A short life — It’s a strange end to an experimental product that had an equally strange life. Car Thing is an in-car display with a knob that offer access to quick controls for your Spotify library, allowing you to scroll through your playlists and use voice commands to pull up songs, radio stations, and more.
The odd thing about the device is that it isn’t standalone; you have to connect it to your phone over Bluetooth and then connect your phone to your car. Car Thing is basically a glorified Bluetooth controller for older cars that don’t have built-in displays.
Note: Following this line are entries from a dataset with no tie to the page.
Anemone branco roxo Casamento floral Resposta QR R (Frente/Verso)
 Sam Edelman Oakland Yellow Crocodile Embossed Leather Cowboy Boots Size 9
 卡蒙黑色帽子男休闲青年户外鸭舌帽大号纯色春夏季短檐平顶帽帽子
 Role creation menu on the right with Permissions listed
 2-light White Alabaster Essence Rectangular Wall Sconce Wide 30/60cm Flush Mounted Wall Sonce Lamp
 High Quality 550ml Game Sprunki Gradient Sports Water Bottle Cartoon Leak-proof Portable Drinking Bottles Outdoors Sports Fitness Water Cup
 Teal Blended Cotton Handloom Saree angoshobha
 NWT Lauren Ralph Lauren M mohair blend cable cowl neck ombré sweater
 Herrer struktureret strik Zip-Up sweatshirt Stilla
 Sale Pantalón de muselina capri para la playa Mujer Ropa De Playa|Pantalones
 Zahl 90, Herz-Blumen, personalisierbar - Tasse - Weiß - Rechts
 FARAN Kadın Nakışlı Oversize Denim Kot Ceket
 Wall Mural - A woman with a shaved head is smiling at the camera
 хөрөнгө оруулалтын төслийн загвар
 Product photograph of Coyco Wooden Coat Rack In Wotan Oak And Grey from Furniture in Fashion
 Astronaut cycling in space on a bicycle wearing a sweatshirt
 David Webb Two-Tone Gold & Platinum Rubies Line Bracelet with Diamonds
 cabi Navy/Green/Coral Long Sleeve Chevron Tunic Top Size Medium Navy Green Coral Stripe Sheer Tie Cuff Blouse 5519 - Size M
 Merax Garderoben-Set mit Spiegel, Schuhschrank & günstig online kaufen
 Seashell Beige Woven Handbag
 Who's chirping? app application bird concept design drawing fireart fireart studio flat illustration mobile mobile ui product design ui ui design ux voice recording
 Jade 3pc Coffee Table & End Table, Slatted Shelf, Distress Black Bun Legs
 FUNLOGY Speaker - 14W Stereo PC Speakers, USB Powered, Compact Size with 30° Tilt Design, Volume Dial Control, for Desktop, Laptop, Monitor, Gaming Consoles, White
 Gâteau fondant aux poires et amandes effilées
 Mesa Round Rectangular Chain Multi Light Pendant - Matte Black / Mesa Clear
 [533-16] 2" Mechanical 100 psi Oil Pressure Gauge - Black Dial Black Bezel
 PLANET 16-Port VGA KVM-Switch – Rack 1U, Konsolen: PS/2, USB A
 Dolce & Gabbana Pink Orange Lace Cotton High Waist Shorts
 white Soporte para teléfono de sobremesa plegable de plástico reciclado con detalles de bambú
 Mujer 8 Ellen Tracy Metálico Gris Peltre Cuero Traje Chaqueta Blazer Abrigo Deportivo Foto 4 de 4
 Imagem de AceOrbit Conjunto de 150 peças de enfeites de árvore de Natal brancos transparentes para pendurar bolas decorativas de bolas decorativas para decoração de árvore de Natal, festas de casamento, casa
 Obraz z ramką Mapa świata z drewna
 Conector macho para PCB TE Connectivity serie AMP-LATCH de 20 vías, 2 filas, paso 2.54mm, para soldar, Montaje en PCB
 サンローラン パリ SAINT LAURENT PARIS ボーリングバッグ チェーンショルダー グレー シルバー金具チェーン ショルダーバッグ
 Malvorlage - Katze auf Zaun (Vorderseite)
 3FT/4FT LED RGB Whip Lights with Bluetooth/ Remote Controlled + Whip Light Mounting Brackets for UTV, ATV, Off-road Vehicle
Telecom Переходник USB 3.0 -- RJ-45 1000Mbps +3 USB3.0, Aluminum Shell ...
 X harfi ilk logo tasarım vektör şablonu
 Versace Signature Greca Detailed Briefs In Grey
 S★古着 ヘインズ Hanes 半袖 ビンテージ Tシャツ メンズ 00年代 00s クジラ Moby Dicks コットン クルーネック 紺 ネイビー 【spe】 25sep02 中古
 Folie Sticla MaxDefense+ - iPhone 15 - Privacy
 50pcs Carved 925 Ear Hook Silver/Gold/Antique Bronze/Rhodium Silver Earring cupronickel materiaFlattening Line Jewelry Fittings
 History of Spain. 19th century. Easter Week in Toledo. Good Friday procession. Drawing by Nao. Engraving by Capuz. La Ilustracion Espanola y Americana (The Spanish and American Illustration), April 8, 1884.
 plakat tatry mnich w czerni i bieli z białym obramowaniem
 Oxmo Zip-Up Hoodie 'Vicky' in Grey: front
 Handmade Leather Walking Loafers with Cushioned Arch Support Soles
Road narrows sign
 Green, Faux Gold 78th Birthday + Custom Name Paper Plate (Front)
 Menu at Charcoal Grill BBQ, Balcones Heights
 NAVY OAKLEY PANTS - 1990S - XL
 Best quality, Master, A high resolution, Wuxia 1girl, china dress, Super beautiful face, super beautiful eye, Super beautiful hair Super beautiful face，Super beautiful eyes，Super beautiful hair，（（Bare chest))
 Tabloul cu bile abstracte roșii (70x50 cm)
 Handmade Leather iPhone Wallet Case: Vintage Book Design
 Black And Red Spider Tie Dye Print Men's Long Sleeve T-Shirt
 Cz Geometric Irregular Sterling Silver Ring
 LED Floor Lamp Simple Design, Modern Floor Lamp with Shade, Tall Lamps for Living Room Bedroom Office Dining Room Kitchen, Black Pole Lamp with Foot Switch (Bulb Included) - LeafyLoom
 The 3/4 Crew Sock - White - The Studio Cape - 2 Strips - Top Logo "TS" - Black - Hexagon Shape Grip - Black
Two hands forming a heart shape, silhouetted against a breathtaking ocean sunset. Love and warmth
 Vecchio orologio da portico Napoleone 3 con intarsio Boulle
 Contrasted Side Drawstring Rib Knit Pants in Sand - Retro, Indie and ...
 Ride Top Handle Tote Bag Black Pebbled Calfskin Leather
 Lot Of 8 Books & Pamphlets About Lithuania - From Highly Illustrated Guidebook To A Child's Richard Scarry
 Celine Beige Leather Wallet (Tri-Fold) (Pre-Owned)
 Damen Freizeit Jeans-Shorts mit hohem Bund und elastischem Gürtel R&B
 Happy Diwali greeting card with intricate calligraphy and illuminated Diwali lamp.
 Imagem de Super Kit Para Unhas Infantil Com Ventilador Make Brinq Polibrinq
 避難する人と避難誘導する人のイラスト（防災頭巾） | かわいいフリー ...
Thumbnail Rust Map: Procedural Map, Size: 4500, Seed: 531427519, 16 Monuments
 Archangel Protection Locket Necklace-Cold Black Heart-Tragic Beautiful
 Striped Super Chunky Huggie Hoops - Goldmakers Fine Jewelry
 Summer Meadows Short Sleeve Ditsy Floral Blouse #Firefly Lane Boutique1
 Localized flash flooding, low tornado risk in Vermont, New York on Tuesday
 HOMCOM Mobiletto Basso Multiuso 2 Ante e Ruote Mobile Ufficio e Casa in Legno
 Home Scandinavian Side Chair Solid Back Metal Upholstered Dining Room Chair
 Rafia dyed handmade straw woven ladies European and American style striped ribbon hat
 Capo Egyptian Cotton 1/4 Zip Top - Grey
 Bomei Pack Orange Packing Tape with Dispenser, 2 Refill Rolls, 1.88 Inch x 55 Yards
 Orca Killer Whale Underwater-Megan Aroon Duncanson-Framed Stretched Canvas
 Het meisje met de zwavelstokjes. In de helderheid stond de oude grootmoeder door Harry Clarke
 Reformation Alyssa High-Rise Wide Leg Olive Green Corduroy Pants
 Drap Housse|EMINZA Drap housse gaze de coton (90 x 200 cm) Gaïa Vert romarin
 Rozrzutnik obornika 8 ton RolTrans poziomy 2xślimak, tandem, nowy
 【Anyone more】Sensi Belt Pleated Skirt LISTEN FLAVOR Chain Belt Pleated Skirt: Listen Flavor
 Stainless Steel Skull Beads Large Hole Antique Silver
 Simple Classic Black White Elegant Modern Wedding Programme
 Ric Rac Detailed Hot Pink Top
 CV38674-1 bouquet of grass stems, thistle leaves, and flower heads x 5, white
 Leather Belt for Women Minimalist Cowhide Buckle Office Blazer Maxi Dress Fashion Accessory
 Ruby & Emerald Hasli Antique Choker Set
Spotify first rolled out Car Thing in April 2021 on an invite-only basis, before creating a public waitlist for subscribers that October — it finally made the device generally available for purchase in February 2022. Given how hard it’s been to get a Car Thing, how limited its functionality actually is, and how expensive it feels at $89.99, it’s easier to see why things didn’t quite work out.
Why? — But what’s less clear is what Spotify got out of this whole experiment. The company tells TechCrunch that the goal of Car Thing “was to better understand in-car listening, and bring audio to a wider range of users and vehicles” which I guess it was successful at doing. I imagine having a place where users were frequently forced to use Spotify’s hands-free voice controls was useful (from a data perspective) too. But it still feels like a missed opportunity.
The iPod is dead, but I don’t think the desire for dedicated music devices ever fully went away. Spotify, as one of the biggest streaming services in the world, is in a unique position to fill that niche, and maybe even make it popular again.
What if the Car Thing could stream music without the help of a phone, perhaps with built-in speakers so you can take it out of your car if you want? Or what if Spotify bought a company like Mighty, and tried to offer an iPod Shuffle-type device of its own? There are lots of options, it’s really just a matter of spending the money and trying it.
Last dance — Spotify reportedly has other hardware tests in the works that could see the light of day, and the Car Thing remains available for purchase at the discounted price of $49.99. Given how quickly the company decided to pack up shop, I can’t really recommend purchasing one if you’re expecting years of support, but if you want to know what Spotify hardware looks like, it’s there for the taking.